I don't know, perhaps it is the age I am reading this book. I feel that if I'd read it when I was younger I would have found all of the characters to be whiny, emotional, and making stupid life choices. I think if I were reading this a bit older I wouldn't have the patience to deal with all of their mopey-ness. But I'm sort of at that age where everyone is questioning what they are doing with their life, and why people have made bad decisions and hurt them, and how they can deal with all the pain and problems life has dealt them. I would be lying to say I haven't had some (well, many) thoughts similar to Quentin in recent years. But it doesn't really mean I want to be like him. I lived in an honors dorm when I attended my undergraduate university - it is somewhat surprising how frighteningly similar some of these characters are to people I've known. Which I suppose should make me more empathetic to the character's behavior and situations. Of course, I don't talk to most of those people anymore, so, then again, maybe not.
Overall I'm not entirely sure how I feel about this book. There were times when I rather enjoyed the prose, and others when I found it tedious and dull. There were times when the characters were totally my people, and other times when I wanted to close the page on their little world and never return. There were periods of this story that I would read obsessively, and other times I had to force myself through it. I think my main issue with the book as a whole is that the characters never seemed to learn or grow from their experiences. Each new slight wounded them in some deep way, but it didn't really force them to grow as a person (as a magician, yes, but as a human being, no). In some ways I found this rather realistic (we don't all learn the lessons we need right away), but in other ways it was troubling and annoying.
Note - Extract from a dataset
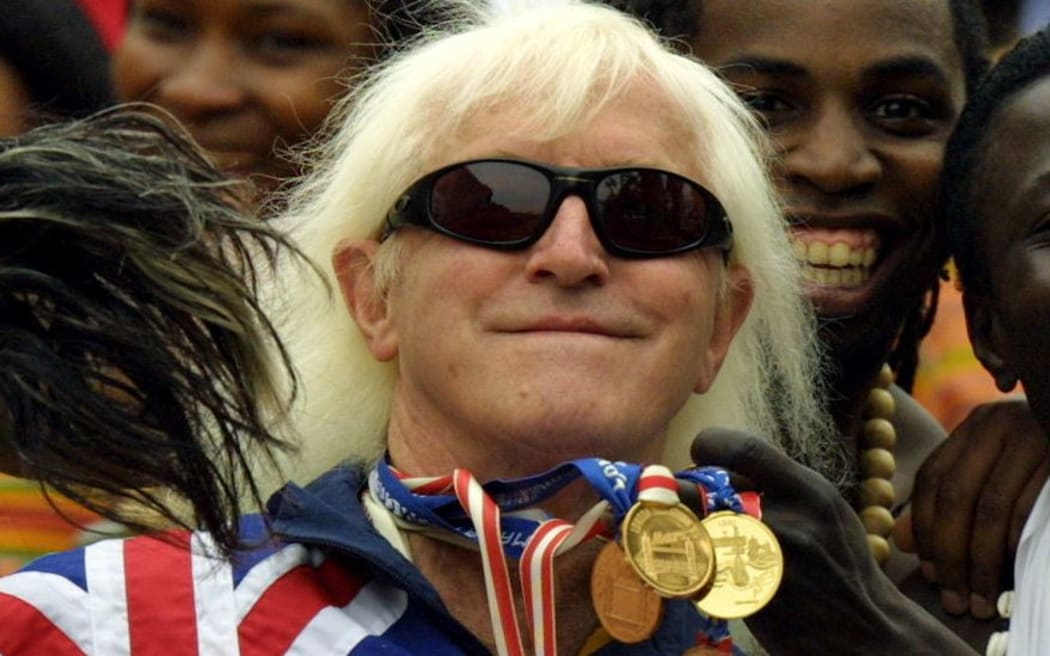 Jimmy Savile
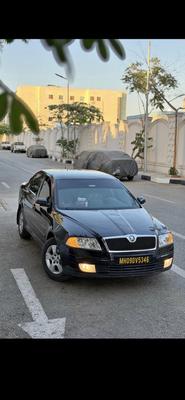 سكودا اوكتافيا A5 2008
In the end I don't know if I would recommend this book. I think it is the sort of writing that one either connects with, or doesn't. I'm in a rather oddball place of feeling like I appreciate much of the writing, but I don't know if I actually like the story. I suppose I will continue with the series, but I don't know if I feel the need to jump into the second book right away. Living in their world is rather depressing, and the real world is depressing enough without Quentin reminding me of that fact during my reading time. I definitely need some time away from these characters before I deal with their future adventures.